Interestingly, he would not beat us or shout at us. He would instead deny us our childhood privileges.

For example, he would make us go without a meal. He would also send us back to school without pocket money, sugar, or new clothes.

"He would also strip us of our right to use the family car and instead put us on a bus! By the way, he raised us as a single parent, following the death of our mum Flavia Diana Kizito, in 1981.

As a result of his responsible parenthood, our family produced reputable professionals.

We now have in our family lawyers, teachers, businesspeople, pastors, farmers and industrialists."

Guweddeko later marveled at his dad's religious disposition.

"He was a God-fearing man. His commitment to God and the Church was enormous.

He always gave moral and financial support to the ministers of the Church.

He was the Chairman of Fathers Union at St. Noah's Church of Uganda Wampeewo, his local church.

He was also the patron of the church's affiliate choir. Dad loved to sing the hymn Tukutendereza Yesu (We praise you Jesus), the anthem of the East African Revival Movement, through which he always demonstrated his salvation and devotion to God."

Guweddeko finally explained how his dad constructed his grave, ten years before his death.

"He surprised many people when he constructed a posh grave for himself.

He actually bought from me the paint that beautified it. He told us he had taken that option to show us that he was well-prepared for life after death.

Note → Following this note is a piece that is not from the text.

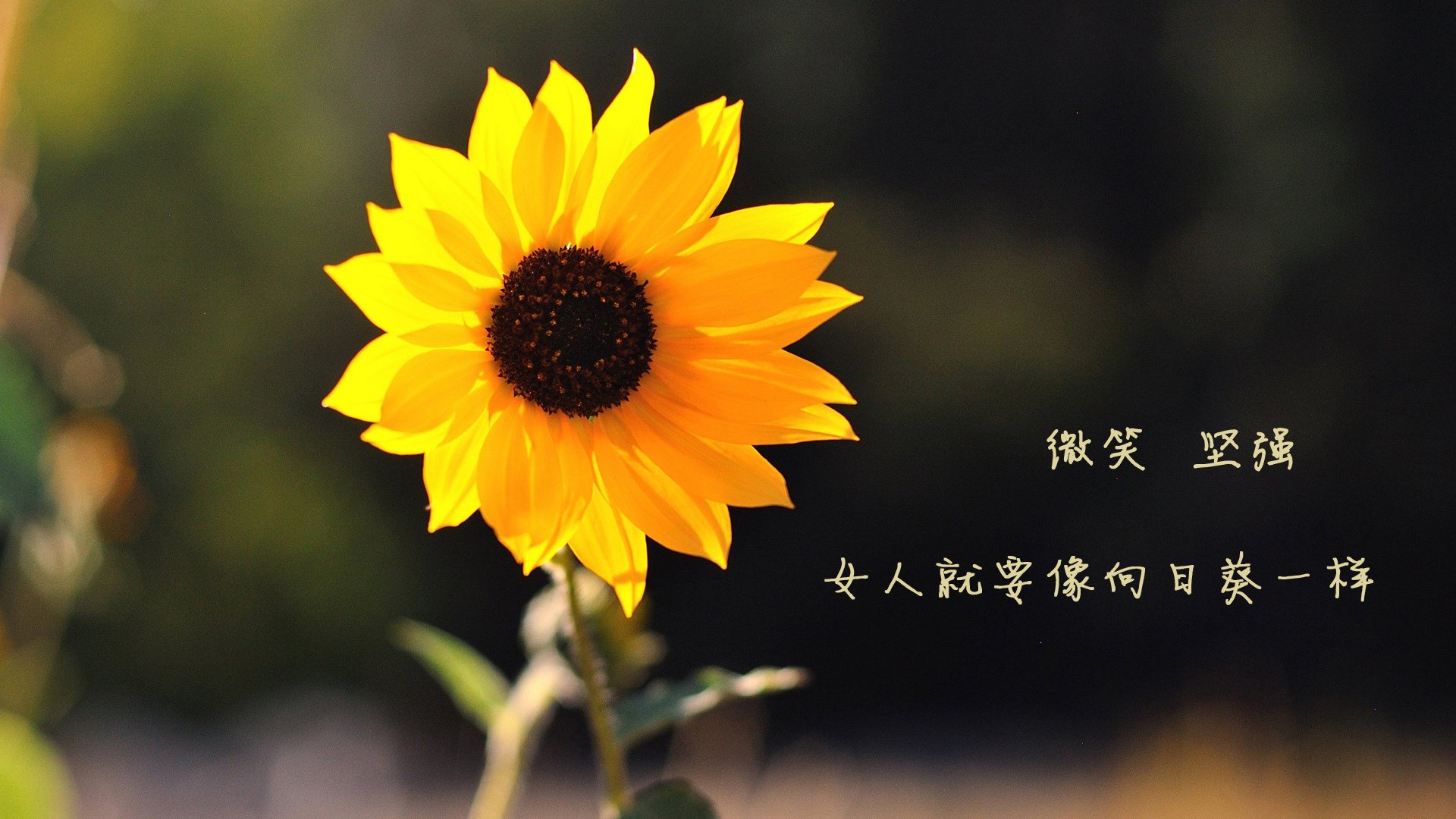 字母哥爆砍四十分雄鹿轻取热火，字母哥因伤早退雄鹿惨败 老鹰主场过关扳成2-2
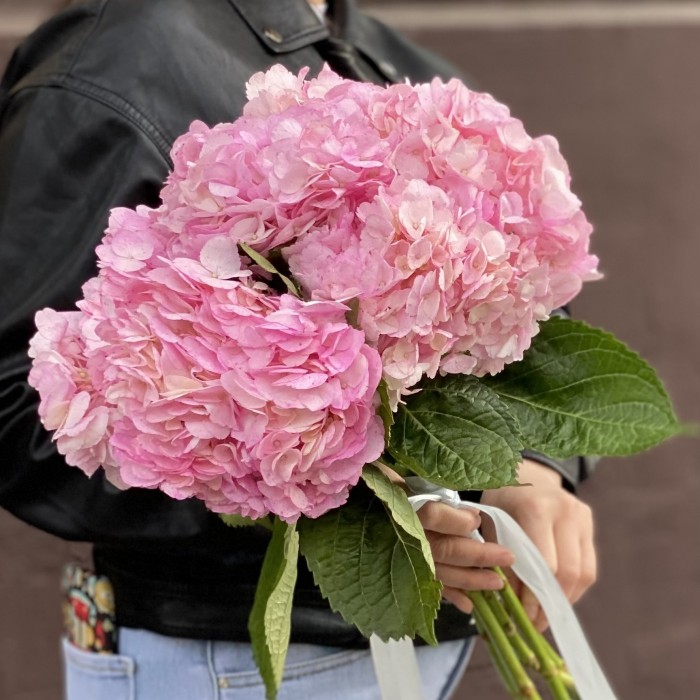 Гортензия розовая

"Shortly after, he constructed other graves besides his grave; one for me and one for my sister Dorothy. When we asked him why he had decided to do so, he told us he wanted to die with the assurance that my sister Dorothy and I would be close to him, in body and in soul."

It is now 14 years since the passing on of Francis Drake Kizito.

His legacy of Christian devotion and hard work nonetheless continues to be felt through the entrepreneurial undertakings and examples of his son Frank Dennis Guweddeko, the founding CEO of Imperial Paints.